Torna ancora una volta il realismo cristiano, che non butta via nulla di ciò che esiste. La realtà, nella sua misteriosa irriducibilità e complessità, è portatrice di un senso dell’esistenza con le sue luci e le sue ombre. È questo che fa dire all’apostolo Paolo: «Noi sappiamo che tutto concorre al bene, per quelli che amano Dio». E Sant’Agostino aggiunge: «anche quello che viene chiamato male (etiam illud quod malum dicitur)». In questa prospettiva totale, la fede dà significato ad ogni evento lieto o triste.
Lungi da noi allora il pensare che credere significhi trovare facili soluzioni consolatorie. La fede che ci ha insegnato Cristo è invece quella che vediamo in San Giuseppe, che non cerca scorciatoie, ma affronta “ad occhi aperti” quello che gli sta capitando, assumendone in prima persona la responsabilità.

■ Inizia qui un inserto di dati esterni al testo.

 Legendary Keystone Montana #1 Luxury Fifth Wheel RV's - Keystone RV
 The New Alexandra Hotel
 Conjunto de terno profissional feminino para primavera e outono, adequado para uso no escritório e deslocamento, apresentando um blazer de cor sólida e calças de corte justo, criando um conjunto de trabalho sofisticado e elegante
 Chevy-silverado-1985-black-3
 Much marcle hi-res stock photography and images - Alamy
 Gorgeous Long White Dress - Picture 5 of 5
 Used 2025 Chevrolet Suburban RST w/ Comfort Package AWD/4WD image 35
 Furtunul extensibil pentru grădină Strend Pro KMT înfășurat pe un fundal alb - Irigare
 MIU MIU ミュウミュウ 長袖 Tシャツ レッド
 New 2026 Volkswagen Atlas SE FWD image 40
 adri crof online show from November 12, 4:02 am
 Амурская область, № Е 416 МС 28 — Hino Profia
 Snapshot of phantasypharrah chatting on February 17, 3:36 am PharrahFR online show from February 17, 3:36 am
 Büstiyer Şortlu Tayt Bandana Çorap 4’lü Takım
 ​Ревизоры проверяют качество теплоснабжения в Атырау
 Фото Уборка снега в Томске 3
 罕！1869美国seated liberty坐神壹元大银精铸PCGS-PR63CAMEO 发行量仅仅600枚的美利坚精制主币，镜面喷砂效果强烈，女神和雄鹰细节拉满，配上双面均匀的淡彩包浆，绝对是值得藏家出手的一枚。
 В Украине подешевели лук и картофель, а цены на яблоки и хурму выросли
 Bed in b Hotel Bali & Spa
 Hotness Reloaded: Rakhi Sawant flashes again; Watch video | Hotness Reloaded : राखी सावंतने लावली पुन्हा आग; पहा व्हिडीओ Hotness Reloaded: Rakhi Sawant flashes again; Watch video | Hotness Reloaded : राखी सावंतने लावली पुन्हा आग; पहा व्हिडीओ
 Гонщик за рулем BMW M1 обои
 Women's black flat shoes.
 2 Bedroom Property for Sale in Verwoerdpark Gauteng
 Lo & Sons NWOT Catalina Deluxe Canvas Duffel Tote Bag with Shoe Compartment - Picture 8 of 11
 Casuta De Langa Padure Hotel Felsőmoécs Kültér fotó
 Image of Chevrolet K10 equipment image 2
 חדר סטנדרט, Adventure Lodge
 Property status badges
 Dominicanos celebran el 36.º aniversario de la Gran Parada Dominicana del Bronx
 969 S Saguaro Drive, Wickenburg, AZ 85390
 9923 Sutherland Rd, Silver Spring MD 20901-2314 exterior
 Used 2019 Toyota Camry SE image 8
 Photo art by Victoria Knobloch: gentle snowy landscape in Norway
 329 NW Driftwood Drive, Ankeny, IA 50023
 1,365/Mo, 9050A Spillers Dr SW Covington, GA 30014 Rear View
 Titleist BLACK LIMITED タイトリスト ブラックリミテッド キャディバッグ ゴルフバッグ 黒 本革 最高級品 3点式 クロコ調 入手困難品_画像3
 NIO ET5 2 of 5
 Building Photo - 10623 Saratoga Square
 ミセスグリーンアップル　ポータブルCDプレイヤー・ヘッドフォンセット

L’accoglienza di Giuseppe ci invita ad accogliere gli altri, senza esclusione, così come sono, riservando una predilezione ai deboli, perché Dio sceglie ciò che è debole, è «padre degli orfani e difensore delle vedove» e comanda di amare lo straniero. Voglio immaginare che dagli atteggiamenti di Giuseppe Gesù abbia preso lo spunto per la parabola del figlio prodigo e del padre misericordioso.